Magistrado ponente: Eduardo Adolfo López Villegas

Decreto 2591 de 1991

CORTE SUPREMA DE JUSTICIA 1 República de Colombia Corte Suprema de Justicia PAGE 14 República de Colombia Corte Suprema de Justicia Tutela No. 21297 CORTE SUPREMA DE JUSTICIA SALA DE CASACIÓN LABORAL MAGISTRADOS PONENTES: ISAURA VARGAS DÍAZ y EDUARDO LÓPEZ VILLEGAS Tutela Expediente No. 21297 Acta No. 31 Bogotá D.C., diecisiete (17) de junio de dos mil ocho (2008) Decide la Corte sobre la impugnación interpuesta por LUIS ALBERTO ENRIQUEZ BUCHELI y MILLERLADY GARCES MARTINEZ contra la providencia proferida por la SALA DE CASACION CIVIL DE LA CORTE SUPREMA DE JUSTICIA el 2 de mayo de 2008, la cual denegó la tutela propuesta por los impugnantes contra la SALA DE DECISIÓN CIVIL DEL TRIBUNAL SUPERIOR de CALI.

I -.

ANTECEDENTES 1. Los accionantes solicitan la protección de sus derechos fundamentales al debido proceso y a la defensa e igualdad de derechos, por cuanto consideran que han sido violados por la Sala de Decisión Civil del Tribunal Superior de Cali en providencia de fecha 11 de diciembre de 2007, que resolvió revocar la Sentencia del a quo.
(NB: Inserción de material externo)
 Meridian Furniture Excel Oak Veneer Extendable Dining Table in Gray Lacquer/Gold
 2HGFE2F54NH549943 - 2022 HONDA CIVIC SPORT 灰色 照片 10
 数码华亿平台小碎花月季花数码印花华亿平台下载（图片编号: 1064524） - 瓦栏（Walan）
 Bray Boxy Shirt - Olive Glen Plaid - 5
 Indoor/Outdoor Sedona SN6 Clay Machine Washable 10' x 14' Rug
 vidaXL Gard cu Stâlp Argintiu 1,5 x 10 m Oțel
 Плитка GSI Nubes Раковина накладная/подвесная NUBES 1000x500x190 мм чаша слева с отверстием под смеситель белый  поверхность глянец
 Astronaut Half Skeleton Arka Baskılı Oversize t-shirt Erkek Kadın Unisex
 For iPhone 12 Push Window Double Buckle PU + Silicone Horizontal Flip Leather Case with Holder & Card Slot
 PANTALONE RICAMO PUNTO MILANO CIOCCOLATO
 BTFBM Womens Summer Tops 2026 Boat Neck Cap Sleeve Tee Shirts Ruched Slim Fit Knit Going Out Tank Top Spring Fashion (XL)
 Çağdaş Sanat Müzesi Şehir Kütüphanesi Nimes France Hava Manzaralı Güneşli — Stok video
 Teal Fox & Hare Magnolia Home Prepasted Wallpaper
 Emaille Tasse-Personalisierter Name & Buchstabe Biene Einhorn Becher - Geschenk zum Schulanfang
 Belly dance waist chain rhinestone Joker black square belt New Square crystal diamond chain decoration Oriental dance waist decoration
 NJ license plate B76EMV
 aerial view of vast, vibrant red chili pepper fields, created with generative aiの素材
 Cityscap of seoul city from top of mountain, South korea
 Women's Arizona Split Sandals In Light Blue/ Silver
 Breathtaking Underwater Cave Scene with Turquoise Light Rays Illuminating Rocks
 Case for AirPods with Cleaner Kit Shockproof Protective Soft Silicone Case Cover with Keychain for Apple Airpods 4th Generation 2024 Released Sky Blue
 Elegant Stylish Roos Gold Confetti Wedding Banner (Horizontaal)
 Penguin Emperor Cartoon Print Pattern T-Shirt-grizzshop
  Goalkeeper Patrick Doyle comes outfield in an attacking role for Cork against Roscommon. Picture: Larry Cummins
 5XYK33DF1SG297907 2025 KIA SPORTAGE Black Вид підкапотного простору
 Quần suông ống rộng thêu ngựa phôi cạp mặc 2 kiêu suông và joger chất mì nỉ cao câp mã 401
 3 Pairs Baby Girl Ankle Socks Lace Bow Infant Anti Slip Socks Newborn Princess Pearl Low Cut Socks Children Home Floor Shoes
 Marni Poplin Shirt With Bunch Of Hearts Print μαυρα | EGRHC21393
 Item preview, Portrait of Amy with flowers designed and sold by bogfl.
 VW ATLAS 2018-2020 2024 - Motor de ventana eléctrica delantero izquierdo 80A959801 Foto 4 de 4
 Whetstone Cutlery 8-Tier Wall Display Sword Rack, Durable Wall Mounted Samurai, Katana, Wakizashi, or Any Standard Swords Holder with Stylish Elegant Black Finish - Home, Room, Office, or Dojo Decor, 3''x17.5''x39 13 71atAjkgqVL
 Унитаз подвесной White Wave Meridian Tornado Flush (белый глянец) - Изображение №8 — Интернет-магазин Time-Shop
Manifiestan los accionantes que el 29 de diciembre de 1995 los accionantes adquirieron un apartamento –figurando al momento de la compra una hipoteca abierta sin límite de cuantía constituida por parte de la sociedad Seheter Ltda. a favor de la Corporación de Ahorro y Vivienda Colmena otorgada el 1° de diciembre de 2003. El 24 de abril de 1998 la entidad bancaria antes mencionada interpuso demanda ante el Juzgado Segundo Civil del Circuito para adelantar Proceso Ejecutivo Mixto contra la sociedad Pontevedra Ltda, sus socios y contra los propietarios de los apartamentos con hipoteca abierta sin limite de cuantía constituida por Sehter, incluyendo así como demandados a los accionantes.

Dicho juzgado el 24 de junio de 1998 libró mandamiento de pago, el cual no fue notificado a los demandados dentro de los 120 días siguientes a la notificación al demandante. El 28 de noviembre de 2001 la parte actora solicita el emplazamiento, demostrando con ello según los accionantes un desinterés en que los demandados conocieran del proceso.

En el proceso de la referencia tramitado ante el Juzgado Segundo Civil del Circuito el apoderado de los accionantes interpuso como excepciones de fondo, la prescripción de la acción cambiaria, la falta de legitimación por pasiva y la de cobro de lo no debido. El 23 de mayo de 2005, el juez de primera instancia declaró probada la excepción de prescripción de la acción cambiaria.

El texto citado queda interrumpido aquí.